Alemany’s woe is one of the most dramatic examples of the temblors’ effect on private and religious schools in Southern California. Most such schools appeared to have escaped major damage and expect to have students back Monday, or no later than Jan. 31. Still, even moderate losses may mean an uneasy future if the schools have no earthquake insurance and no major endowments, experts said.

“If they’ve done their homework, they’ve set aside reserves for that kind of contingency. If not, they’re in real trouble. They may have to borrow money or have to raise money,” said the Rev. Charles Rowins, past president of the California Assn. of Private School Organizations. He is headmaster of St. James Episcopal School in the Mid-Wilshire area, where damage was light.

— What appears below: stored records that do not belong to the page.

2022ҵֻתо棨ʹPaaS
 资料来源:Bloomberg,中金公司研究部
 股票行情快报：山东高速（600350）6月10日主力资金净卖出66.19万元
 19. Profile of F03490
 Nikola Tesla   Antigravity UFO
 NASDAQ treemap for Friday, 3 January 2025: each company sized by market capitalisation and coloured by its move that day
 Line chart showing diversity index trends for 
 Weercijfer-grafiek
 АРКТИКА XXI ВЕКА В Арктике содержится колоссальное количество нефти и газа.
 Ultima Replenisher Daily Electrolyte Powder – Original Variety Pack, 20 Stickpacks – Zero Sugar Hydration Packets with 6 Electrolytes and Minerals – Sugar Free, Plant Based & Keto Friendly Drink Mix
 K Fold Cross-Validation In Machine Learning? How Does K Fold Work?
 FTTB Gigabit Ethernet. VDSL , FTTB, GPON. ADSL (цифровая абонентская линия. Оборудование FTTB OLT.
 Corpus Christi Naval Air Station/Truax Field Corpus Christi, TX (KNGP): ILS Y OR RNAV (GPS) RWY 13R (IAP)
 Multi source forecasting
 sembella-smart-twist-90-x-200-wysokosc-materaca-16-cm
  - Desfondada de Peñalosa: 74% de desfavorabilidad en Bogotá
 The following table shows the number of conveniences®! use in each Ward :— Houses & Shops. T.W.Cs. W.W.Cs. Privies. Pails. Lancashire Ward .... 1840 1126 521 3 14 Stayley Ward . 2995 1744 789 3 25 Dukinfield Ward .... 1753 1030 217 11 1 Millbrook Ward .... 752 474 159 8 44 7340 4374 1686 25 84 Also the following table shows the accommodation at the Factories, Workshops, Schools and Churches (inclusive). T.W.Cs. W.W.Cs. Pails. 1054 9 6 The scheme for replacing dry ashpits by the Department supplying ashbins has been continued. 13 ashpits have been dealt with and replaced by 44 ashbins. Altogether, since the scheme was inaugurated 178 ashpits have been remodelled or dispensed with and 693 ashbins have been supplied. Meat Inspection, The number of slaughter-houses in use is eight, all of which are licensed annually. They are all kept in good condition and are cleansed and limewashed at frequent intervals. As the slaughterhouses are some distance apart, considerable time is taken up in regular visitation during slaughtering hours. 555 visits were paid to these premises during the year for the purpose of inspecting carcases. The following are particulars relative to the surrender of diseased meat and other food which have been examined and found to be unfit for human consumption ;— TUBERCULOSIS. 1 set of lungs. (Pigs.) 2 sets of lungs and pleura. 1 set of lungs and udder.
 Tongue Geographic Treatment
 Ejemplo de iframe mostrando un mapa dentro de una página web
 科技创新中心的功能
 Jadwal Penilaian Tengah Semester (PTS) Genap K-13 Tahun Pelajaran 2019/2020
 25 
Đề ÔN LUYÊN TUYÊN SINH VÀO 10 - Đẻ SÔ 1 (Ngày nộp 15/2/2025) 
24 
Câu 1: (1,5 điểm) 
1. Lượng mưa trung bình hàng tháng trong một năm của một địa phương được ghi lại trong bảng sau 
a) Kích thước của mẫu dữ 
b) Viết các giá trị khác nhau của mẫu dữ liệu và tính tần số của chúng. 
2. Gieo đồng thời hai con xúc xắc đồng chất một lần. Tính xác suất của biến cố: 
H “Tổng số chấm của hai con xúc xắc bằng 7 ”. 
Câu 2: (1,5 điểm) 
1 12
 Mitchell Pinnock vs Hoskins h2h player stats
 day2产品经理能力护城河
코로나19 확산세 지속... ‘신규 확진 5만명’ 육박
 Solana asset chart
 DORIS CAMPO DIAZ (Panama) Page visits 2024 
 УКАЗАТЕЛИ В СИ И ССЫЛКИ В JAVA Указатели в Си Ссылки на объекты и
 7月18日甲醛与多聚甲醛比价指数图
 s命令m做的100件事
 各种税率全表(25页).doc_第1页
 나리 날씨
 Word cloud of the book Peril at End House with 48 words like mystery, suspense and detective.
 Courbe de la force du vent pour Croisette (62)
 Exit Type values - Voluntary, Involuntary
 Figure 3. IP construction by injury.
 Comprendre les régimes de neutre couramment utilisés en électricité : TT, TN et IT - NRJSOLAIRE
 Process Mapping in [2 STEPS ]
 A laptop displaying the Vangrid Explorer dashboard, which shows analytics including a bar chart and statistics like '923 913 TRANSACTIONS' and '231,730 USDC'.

The coeducational Alemany High School has earthquake insurance through the sprawling Roman Catholic Archdiocese of Los Angeles, which can soften the blows through its charitable activities in Los Angeles, Ventura and Santa Barbara counties.

Of the archdiocese’s 53 high schools and 232 elementary schools, only Alemany and four elementary schools--St. Euphrasia in Granada Hills, Mary Immaculate in Pacoima, Nativity in South-Central Los Angeles and St. Anne’s in Santa Monica--were damaged so badly that officials are unsure when they will reopen. Most others will be open Monday or after safety inspections later in the week.

Jerome Porath, the Roman Catholic archdiocese’s superintendent of schools, said students would be sent from damaged schools to other campuses only as a last resort. “Our preference is to keep the student body and the program intact at each school, on the property if we can,” he said. Temporary arrangements were being studied Friday.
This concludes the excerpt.